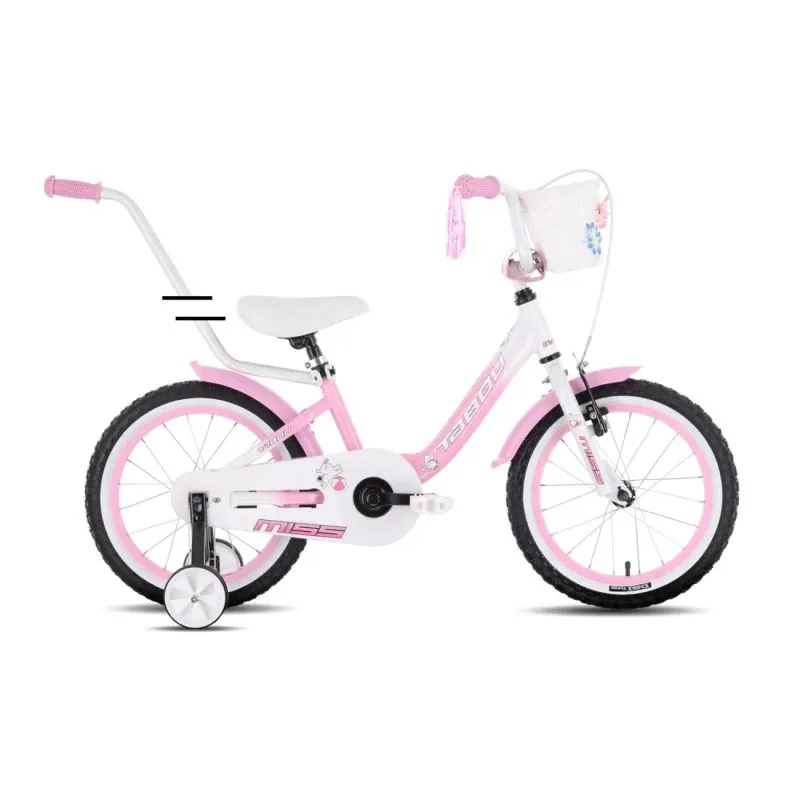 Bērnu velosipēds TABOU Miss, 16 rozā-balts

○ ○ ○

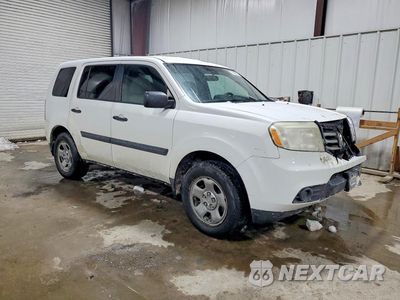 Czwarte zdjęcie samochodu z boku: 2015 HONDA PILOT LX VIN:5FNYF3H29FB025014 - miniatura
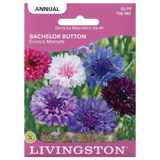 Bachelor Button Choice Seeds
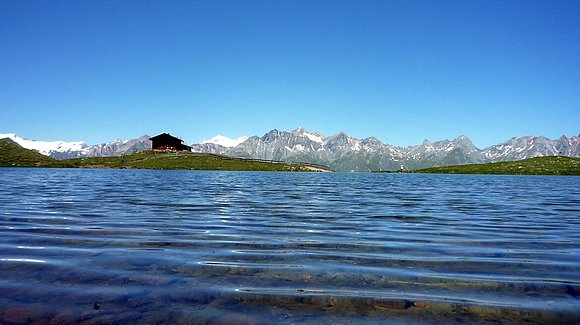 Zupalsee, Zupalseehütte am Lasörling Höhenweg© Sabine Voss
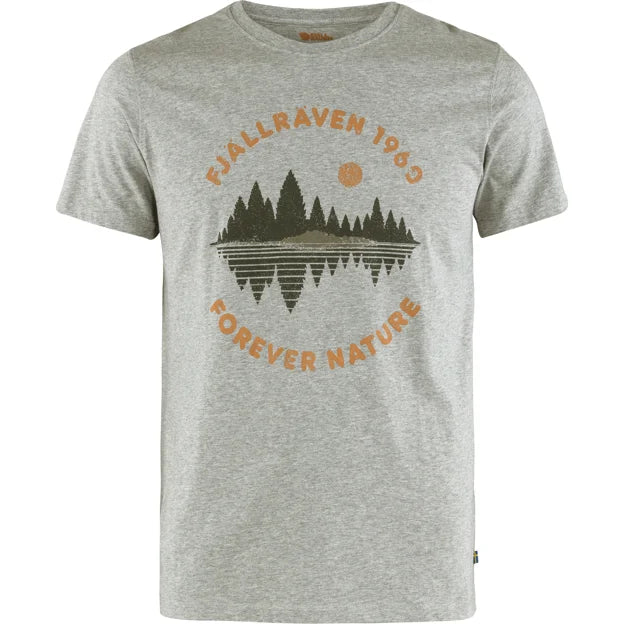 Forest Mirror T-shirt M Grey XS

○ ○ ○

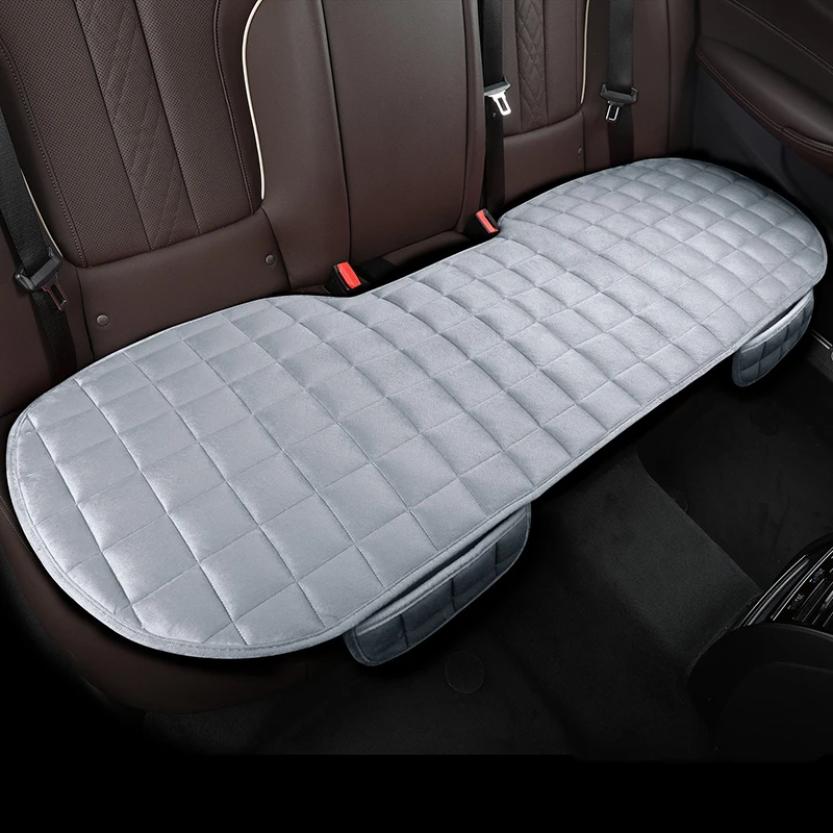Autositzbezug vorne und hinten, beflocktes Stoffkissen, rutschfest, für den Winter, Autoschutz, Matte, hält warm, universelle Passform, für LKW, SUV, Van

○ ○ ○

# Problem description:
Using the data above, transcribe exactly the lines between those containing "Bachelor Button Choice Seeds" and "Forest Mirror T-shirt M Grey XS", inclusive, and leave every picture behind.

# Answer box:
 Bachelor Button Choice Seeds
 Zupalsee, Zupalseehütte am Lasörling Höhenweg© Sabine Voss
 Forest Mirror T-shirt M Grey XS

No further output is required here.